== MATERIAL SUPPLIED
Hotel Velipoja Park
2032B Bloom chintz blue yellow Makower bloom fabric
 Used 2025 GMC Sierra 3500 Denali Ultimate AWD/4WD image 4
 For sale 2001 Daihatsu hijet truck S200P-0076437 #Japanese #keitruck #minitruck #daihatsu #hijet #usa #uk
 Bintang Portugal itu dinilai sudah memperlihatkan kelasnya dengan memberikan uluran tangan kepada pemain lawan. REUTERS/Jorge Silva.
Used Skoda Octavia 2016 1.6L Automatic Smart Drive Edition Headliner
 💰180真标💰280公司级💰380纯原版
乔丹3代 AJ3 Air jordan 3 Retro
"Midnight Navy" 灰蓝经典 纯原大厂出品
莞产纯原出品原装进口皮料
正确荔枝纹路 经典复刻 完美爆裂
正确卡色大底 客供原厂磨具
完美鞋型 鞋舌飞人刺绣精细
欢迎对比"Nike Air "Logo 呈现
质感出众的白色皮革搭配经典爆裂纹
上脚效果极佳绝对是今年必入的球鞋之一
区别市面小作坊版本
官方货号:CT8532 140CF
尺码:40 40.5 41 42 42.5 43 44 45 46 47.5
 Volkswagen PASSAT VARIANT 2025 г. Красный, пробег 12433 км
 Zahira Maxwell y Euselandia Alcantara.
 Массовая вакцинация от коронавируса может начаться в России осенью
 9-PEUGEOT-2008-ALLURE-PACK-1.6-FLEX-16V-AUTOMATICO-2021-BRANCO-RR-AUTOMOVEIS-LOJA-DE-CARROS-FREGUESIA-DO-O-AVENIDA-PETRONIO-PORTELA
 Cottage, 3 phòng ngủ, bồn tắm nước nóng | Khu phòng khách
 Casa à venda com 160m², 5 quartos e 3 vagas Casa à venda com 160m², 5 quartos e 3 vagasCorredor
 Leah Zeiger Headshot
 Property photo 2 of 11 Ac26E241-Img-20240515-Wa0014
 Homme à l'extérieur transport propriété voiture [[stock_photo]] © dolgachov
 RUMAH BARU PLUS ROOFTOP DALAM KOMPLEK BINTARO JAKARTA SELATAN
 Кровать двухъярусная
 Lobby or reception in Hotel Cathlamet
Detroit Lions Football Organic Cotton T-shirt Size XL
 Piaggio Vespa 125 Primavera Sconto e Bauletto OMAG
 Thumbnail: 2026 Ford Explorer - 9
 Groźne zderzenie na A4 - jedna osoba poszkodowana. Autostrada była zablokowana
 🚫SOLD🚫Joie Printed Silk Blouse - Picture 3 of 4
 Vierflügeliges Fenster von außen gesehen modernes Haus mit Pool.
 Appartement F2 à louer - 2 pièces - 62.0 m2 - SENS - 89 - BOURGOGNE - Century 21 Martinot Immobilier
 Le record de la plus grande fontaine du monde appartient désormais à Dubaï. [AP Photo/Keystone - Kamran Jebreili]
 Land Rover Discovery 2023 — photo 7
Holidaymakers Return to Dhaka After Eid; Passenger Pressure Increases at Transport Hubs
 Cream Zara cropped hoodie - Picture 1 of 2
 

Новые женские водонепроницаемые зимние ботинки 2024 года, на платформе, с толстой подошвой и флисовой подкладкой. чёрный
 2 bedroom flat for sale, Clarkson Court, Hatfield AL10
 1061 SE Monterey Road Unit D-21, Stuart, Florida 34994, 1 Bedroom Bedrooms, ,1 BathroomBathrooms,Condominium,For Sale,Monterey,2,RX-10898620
====
Repeat the whole of the data above exactly, keeping every word.

Hotel Velipoja Park
2032B Bloom chintz blue yellow Makower bloom fabric
 Used 2025 GMC Sierra 3500 Denali Ultimate AWD/4WD image 4
 For sale 2001 Daihatsu hijet truck S200P-0076437 #Japanese #keitruck #minitruck #daihatsu #hijet #usa #uk
 Bintang Portugal itu dinilai sudah memperlihatkan kelasnya dengan memberikan uluran tangan kepada pemain lawan. REUTERS/Jorge Silva.
Used Skoda Octavia 2016 1.6L Automatic Smart Drive Edition Headliner
 💰180真标💰280公司级💰380纯原版
乔丹3代 AJ3 Air jordan 3 Retro
"Midnight Navy" 灰蓝经典 纯原大厂出品
莞产纯原出品原装进口皮料
正确荔枝纹路 经典复刻 完美爆裂
正确卡色大底 客供原厂磨具
完美鞋型 鞋舌飞人刺绣精细
欢迎对比"Nike Air "Logo 呈现
质感出众的白色皮革搭配经典爆裂纹
上脚效果极佳绝对是今年必入的球鞋之一
区别市面小作坊版本
官方货号:CT8532 140CF
尺码:40 40.5 41 42 42.5 43 44 45 46 47.5
 Volkswagen PASSAT VARIANT 2025 г. Красный, пробег 12433 км
 Zahira Maxwell y Euselandia Alcantara.
 Массовая вакцинация от коронавируса может начаться в России осенью
 9-PEUGEOT-2008-ALLURE-PACK-1.6-FLEX-16V-AUTOMATICO-2021-BRANCO-RR-AUTOMOVEIS-LOJA-DE-CARROS-FREGUESIA-DO-O-AVENIDA-PETRONIO-PORTELA
 Cottage, 3 phòng ngủ, bồn tắm nước nóng | Khu phòng khách
 Casa à venda com 160m², 5 quartos e 3 vagas Casa à venda com 160m², 5 quartos e 3 vagasCorredor
 Leah Zeiger Headshot
 Property photo 2 of 11 Ac26E241-Img-20240515-Wa0014
 Homme à l'extérieur transport propriété voiture [[stock_photo]] © dolgachov
 RUMAH BARU PLUS ROOFTOP DALAM KOMPLEK BINTARO JAKARTA SELATAN
 Кровать двухъярусная
 Lobby or reception in Hotel Cathlamet
Detroit Lions Football Organic Cotton T-shirt Size XL
 Piaggio Vespa 125 Primavera Sconto e Bauletto OMAG
 Thumbnail: 2026 Ford Explorer - 9
 Groźne zderzenie na A4 - jedna osoba poszkodowana. Autostrada była zablokowana
 🚫SOLD🚫Joie Printed Silk Blouse - Picture 3 of 4
 Vierflügeliges Fenster von außen gesehen modernes Haus mit Pool.
 Appartement F2 à louer - 2 pièces - 62.0 m2 - SENS - 89 - BOURGOGNE - Century 21 Martinot Immobilier
 Le record de la plus grande fontaine du monde appartient désormais à Dubaï. [AP Photo/Keystone - Kamran Jebreili]
 Land Rover Discovery 2023 — photo 7
Holidaymakers Return to Dhaka After Eid; Passenger Pressure Increases at Transport Hubs
 Cream Zara cropped hoodie - Picture 1 of 2
 

Новые женские водонепроницаемые зимние ботинки 2024 года, на платформе, с толстой подошвой и флисовой подкладкой. чёрный
 2 bedroom flat for sale, Clarkson Court, Hatfield AL10
 1061 SE Monterey Road Unit D-21, Stuart, Florida 34994, 1 Bedroom Bedrooms, ,1 BathroomBathrooms,Condominium,For Sale,Monterey,2,RX-10898620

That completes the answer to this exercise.